Para explicar esta norma, Jesús, como suele hacerlo, propone una parábola, la así llamada del «parábola del siervo despiadado». Este siervo tenía con su señor una deuda que Jesús, como el punto de la parábola, fija en una cantidad desmesurada: diez mil talentos (equivale a 360 toneladas de oro). Cuando el siervo ruega al señor tener paciencia y asegura que pagará esa deuda, los que escuchaban a Jesús tienen que haber reaccionado, diciendo: «¡Es imposible que pague esa deuda!». En efecto, el mismo señor, viendo esa imposibilidad, le perdonó toda la deuda, ¡esa deuda! En cambio, la deuda que tenía otro colega con ese mismo siervo -cien denarios, el salario de cien días de un obrero (cf. Mt 20,2)- era posible saldarla y, cuando el colega le dice: «Ten paciencia que te pagare», todos debieron pensar: «Sí, es posible». Pero viene lo increíble. Ese siervo no quiso perdonar a su colega y lo hizo arrojar a la cárcel. Con razón, los mismos compañeros se indignaron por su impiedad. Por su parte, el señor lo mandó llamar y le dijo: «Siervo malvado, yo te perdoné a ti toda aquella deuda porque me lo suplicaste. ¿No debías tú también compadecerte de tu compañero, del mismo modo que yo me compadecí de ti? Y encolerizado su señor, lo entregó a los verdugos hasta que pagase todo lo que le debía». Todos los que oían a Jesús, incluido Pedro, y nosotros mismos estamos de acuerdo con la actuación que tuvo el señor con ese siervo despiadado. La enseñanza que se obtiene de esa parábola la expresa el mismo Jesús: «Esto mismo hará con ustedes mi Padre celestial, si no perdona de corazón cada uno a su hermano».

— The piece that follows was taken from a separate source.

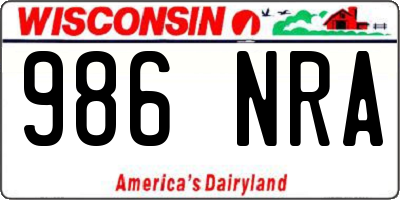 WI license plate 986NRA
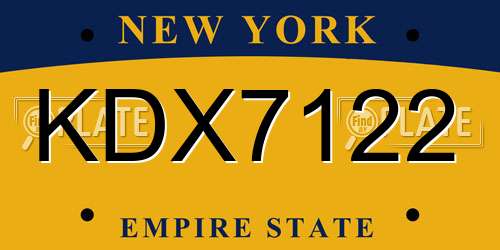 KDX7122 New York License Plate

Este Evangelio es el que corresponde a este domingo. Pero resulta providencial en este día 17 de septiembre, vigilia de nuestras fiestas patrias, que desgraciadamente encuentran a los chilenos muy divididos por nuestra indisposición a perdonarnos unos a otros. La deuda que tenemos con Dios es infinitamente mayor que la que tenemos unos con otros, por muy grande que esta sea. Y, si no nos perdonamos de corazón, Dios no nos perdonará a nosotros. Hemos visto episodios muy tristes en nuestra patria de falta de perdón, que son muy semejantes al del siervo despiadado. Cuando Jesús manda a Pedro perdonar a su hermano, le manda hacerlo sin poner condiciones. Ese es «el perdón de corazón» que Jesús manda a sus discípulos. Esta enseñanza de Jesús se nos ha hecho tan extraña, que ya casi no nos atrevemos a proponerla. Pero es la que nos dará la salvación en esta tierra y, sobre todo, en la eternidad.